Our Data

Our research relies on use of routinely collected data, that is information collected in clinical records and healthcare investigations as part of the delivery of care. This data has the potential to dramatically improve the health of the UK population. We also recognise the key importance of using such data in a transparent, compliant and secure manner. Where it is feasible, we will seek explicit consent from the owners of that data. Where there are good reasons why this is not possible, we use the following processes and principles to ensure use of the data is legal, ethical and serves a genuine public interest:

Anonymisation

All the data which we use will be in anonymised form.
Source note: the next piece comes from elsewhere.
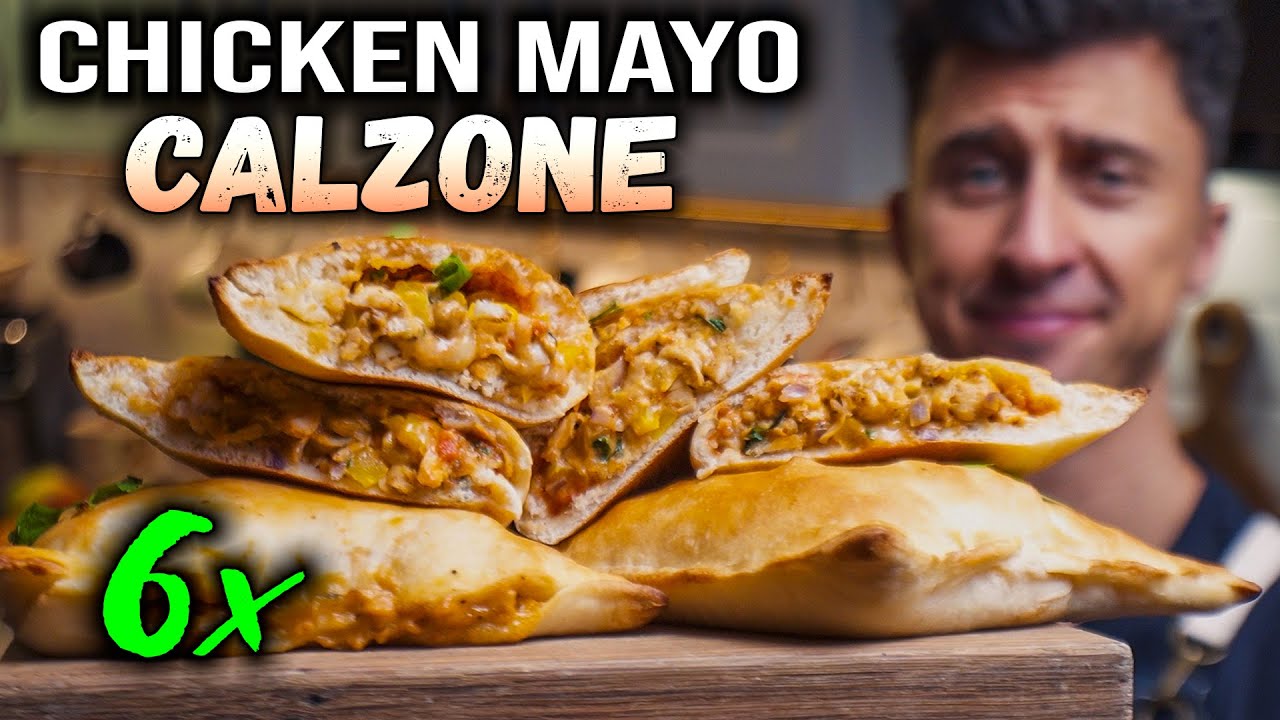 Nadziewane PIEROŻKI - imprezowe MINI CALZONE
All the data we extract from the NHS will be de-identified. We will never knowingly pass data which includes information which can be used to identify the people it relates to outside of the NHS.

Consultation

Our projects are co-designed by people with lived experience of the disease. Their views and (where appropriate) the views of the general public are incorporated into our work. We disseminate accessible information about our our projects prior to acquiring any data, to allow people the opportunity to opt out of the use of their data. We will ensure that anyone who has joined the NHS England data opt out register is not included in our research.

Ethical approval

All our research is reviewed and approved by a local (University of Plymouth) and national (Health Research Authority) ethical review board. Where our projects involve the transfer of identifiable data outside of the routine care team, data is reviewed by the Confidentiality Advisory Group of the Health Research Authority.

Data minimisation

We will always use the minimum amount of data we require to deliver the aims of the project.

Data security

When extracting identifiable patient data, where possible we will collate and link our databases within the routine care team (the people who would have access to that data as part of their role in delivering clinical care). This is possible because many of our team have combined roles as researchers and NHS professionals. All identifiable data (data which contains information such as name or date of birth) is handled solely on NHS computer systems. Before data is passed to University researchers (or in some cases, if relevant governance and patient/public consultation is in place, external partners), it is fully deidentified and audited, to ensure it is not possible to identify individual subjects within it.